MATERIAL TO PROCESS:
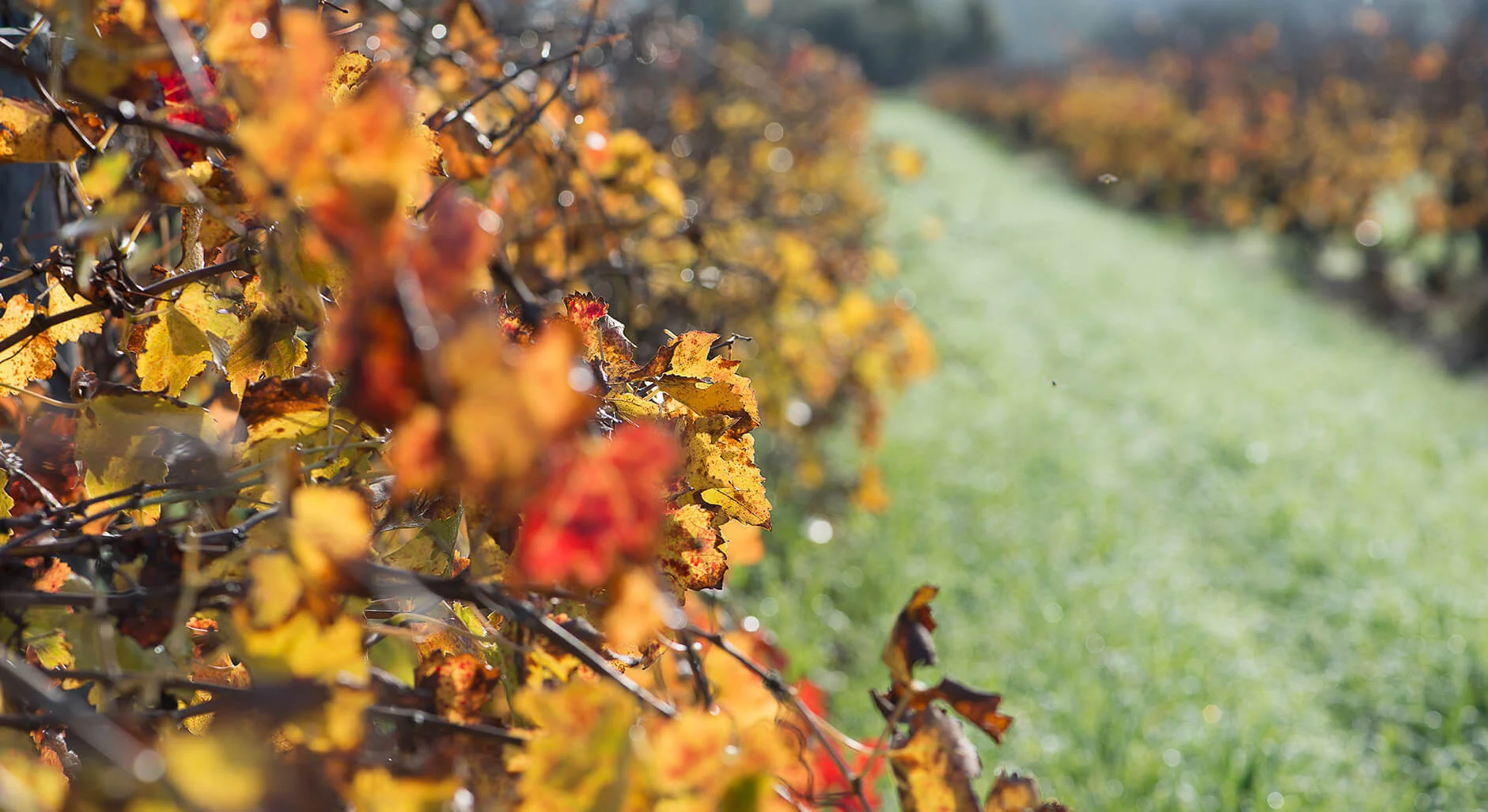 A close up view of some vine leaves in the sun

...

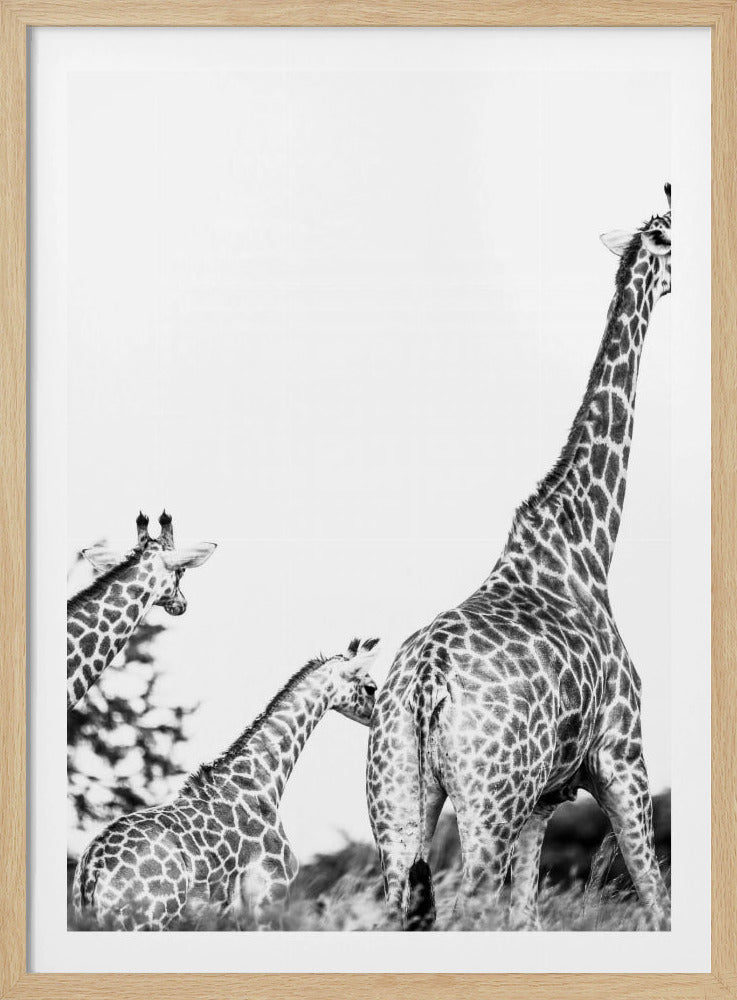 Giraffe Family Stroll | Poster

--

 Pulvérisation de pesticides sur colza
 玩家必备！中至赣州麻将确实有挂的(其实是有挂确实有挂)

EXERCISE GOAL: In the material above, transcribe exactly the lines beginning at the one with "Pulvérisation de pesticides sur colza" and ending at the one with "玩家必备！中至赣州麻将确实有挂的(其实是有挂确实有挂)", both included.

RESULT OF THIS TASK:
 Pulvérisation de pesticides sur colza
 玩家必备！中至赣州麻将确实有挂的(其实是有挂确实有挂)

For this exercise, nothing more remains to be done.